**GOAL OF THE EXERCISE**
From the line with "Biologist Examines Seedlings" to the final line of the data below, please write out every line exactly, with no pictures.

Pictures with short captions

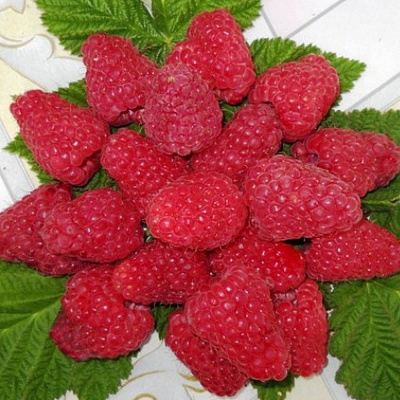 Сладкая в Слуцке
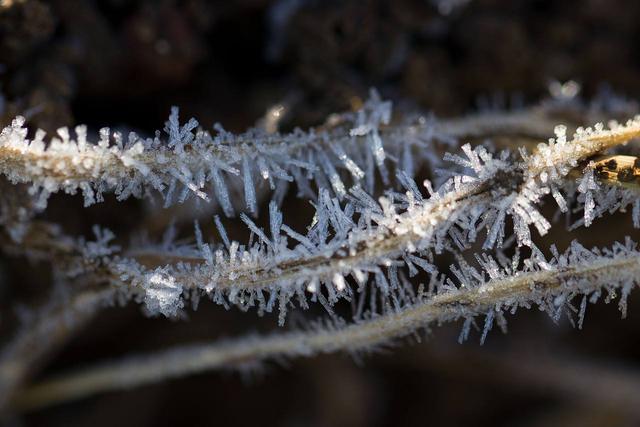 道医养生笔记丨柿叶翻红霜景秋:霜降时节说敛降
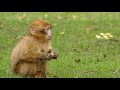 Baby Monkey Enjoying an Apple| Cute Animals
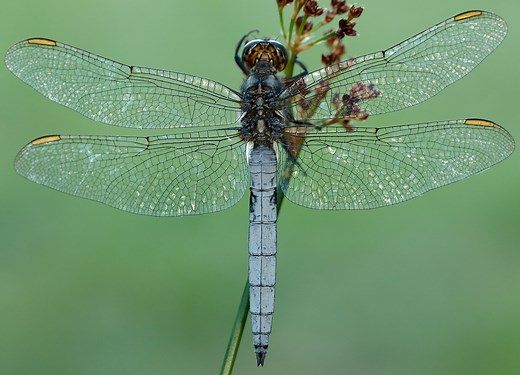 Keeled Skimmer - British Dragonfly Society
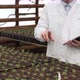 Biologist Examines Seedlings and Counts Them Looks at the Tablet and Checks the Information - VideoHive Item for Sale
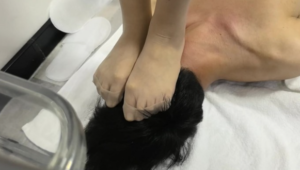 【冷鸢】高跟踩踏学生狗鞋跟刮痧脚喂食-97LZTD-834541521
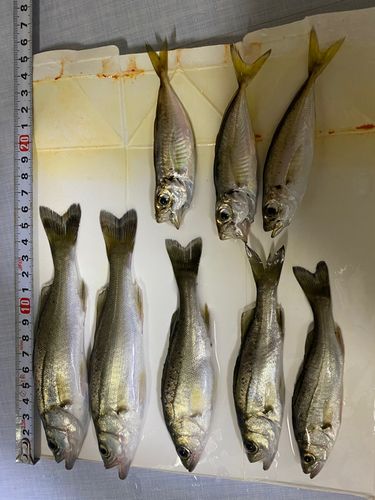 アジの釣果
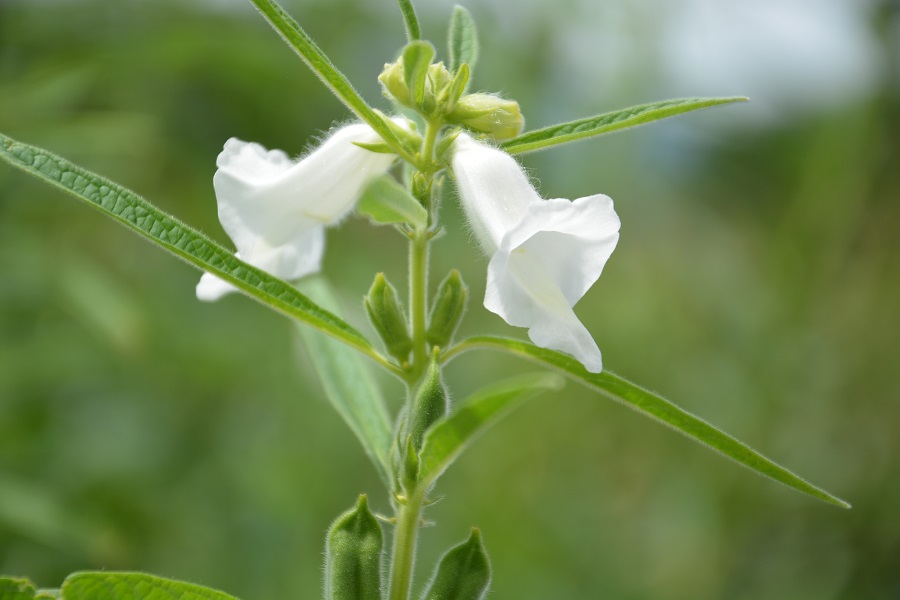 Ajonjolí beneficios y propiedades en nuestra vida Representación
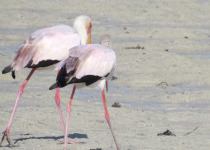 Mida Creek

**SOLUTION BELOW**
 Biologist Examines Seedlings and Counts Them Looks at the Tablet and Checks the Information - VideoHive Item for Sale
 【冷鸢】高跟踩踏学生狗鞋跟刮痧脚喂食-97LZTD-834541521
 アジの釣果
 Ajonjolí beneficios y propiedades en nuestra vida Representación
 Mida Creek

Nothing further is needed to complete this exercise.